**ACTIVITY**
Nothing but the lines from the one containing "I'm using the" through the last line of the data below should be returned, each exactly as it stands, pictures excluded.
━━━
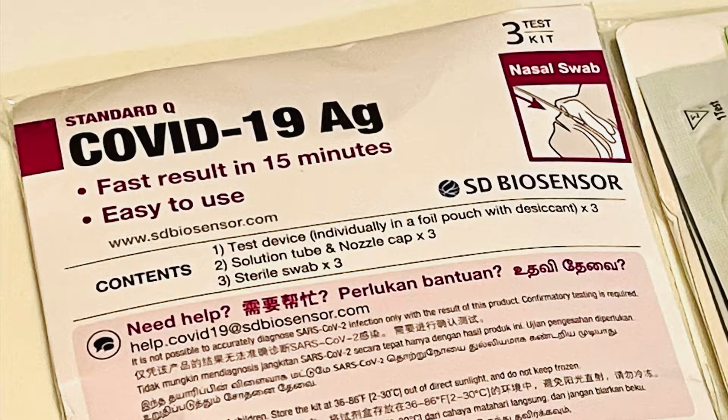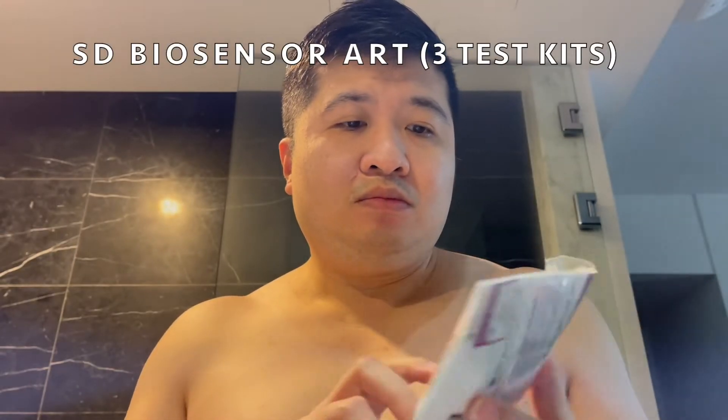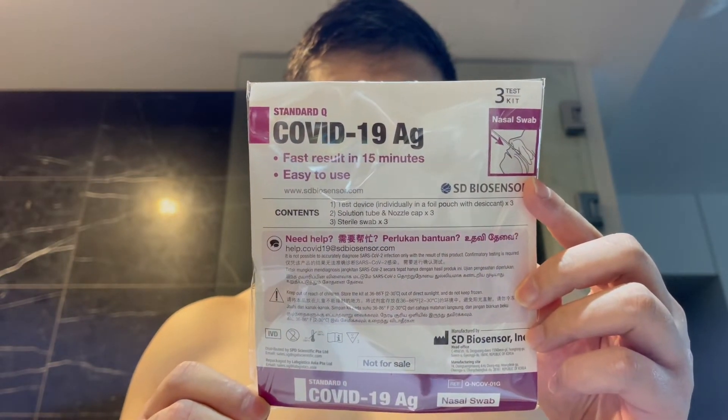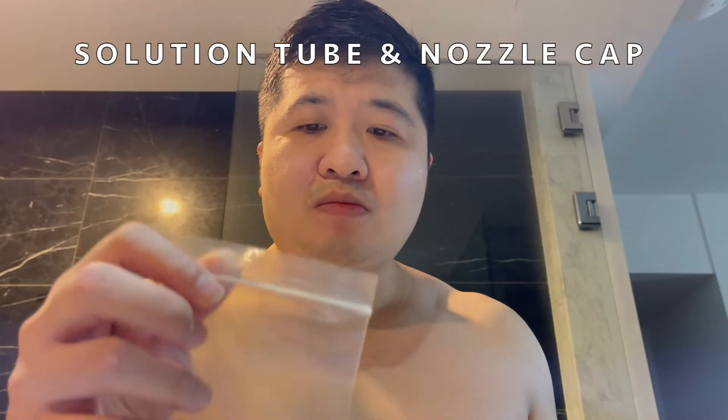This is the antigen rapid test from SD Biosensor for self-swab testing for COVID-19. There are three sets of test kits in this package. Read carefully the self-swab instructions. This bag has the solution tube and nozzle cap. Inside this foil packaging is the test device. This is the sterile swab.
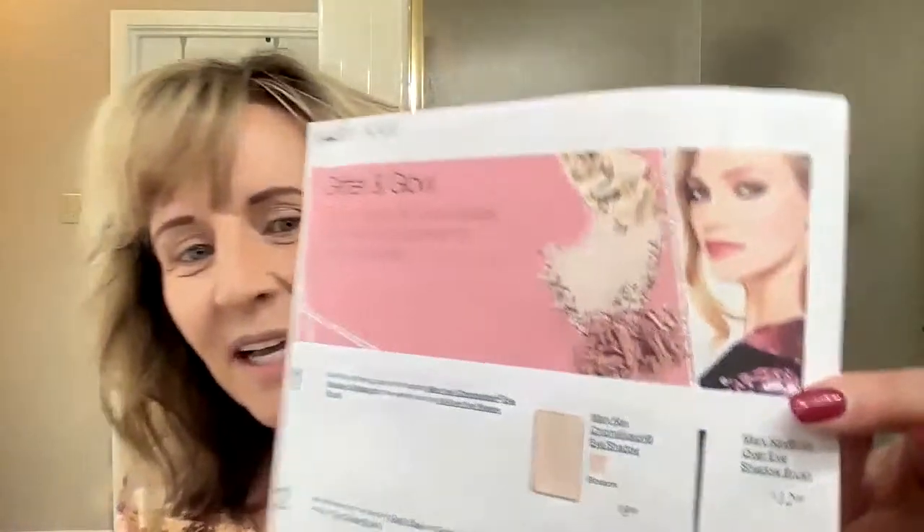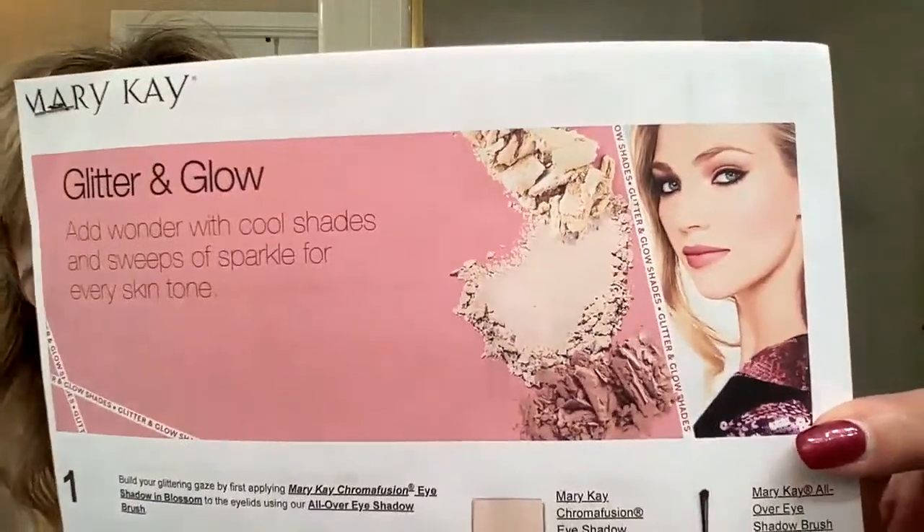I just did my eyebrows, not on video. So today I want to show you how to do this really cute look called Glitter and Gold. You can find this look under marykay.com — look under makeup artist look and look up Glitter and Gold, and then you can print it out. It's a step by step, so I'm going to do my best to go step by step just like it tells me to.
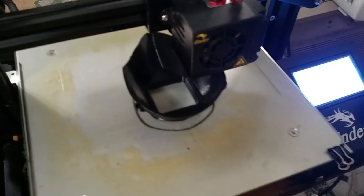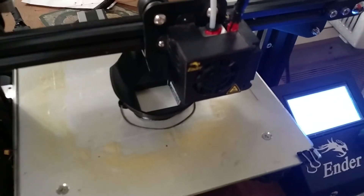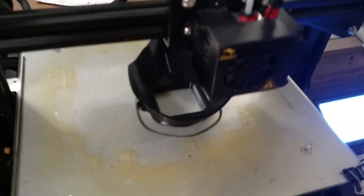The next video will be of the second component being printed, and then the next video after that will be a test fit. Here we go.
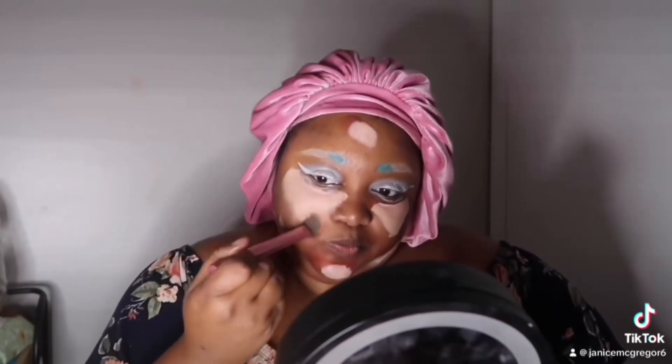I'm using the L.A. Girl Camo Concealer in the color beige to go over my color correcting. I'm also using the Milani Original Make It Last Spray and blending everything in. Now I'm going in with my Norris foundation — I put it on my face in dots and then pat it out until my full face is covered.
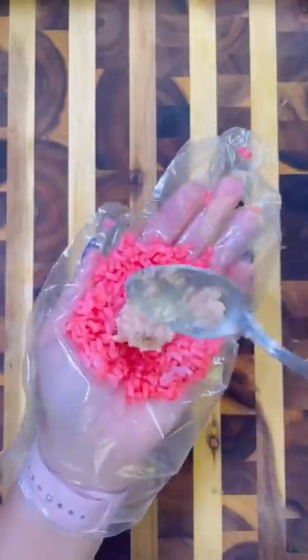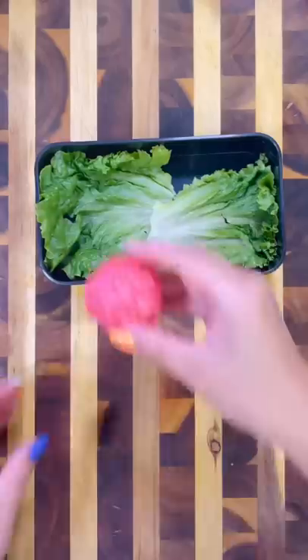First I colored up my sushi rice and then I filled each rice ball with some tuna. The tuna just has a mixture of mayo and sriracha.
━━━
**EXERCISE OUTPUT**
I'm using the L.A. Girl Camo Concealer in the color beige to go over my color correcting. I'm also using the Milani Original Make It Last Spray and blending everything in. Now I'm going in with my Norris foundation — I put it on my face in dots and then pat it out until my full face is covered.
First I colored up my sushi rice and then I filled each rice ball with some tuna. The tuna just has a mixture of mayo and sriracha.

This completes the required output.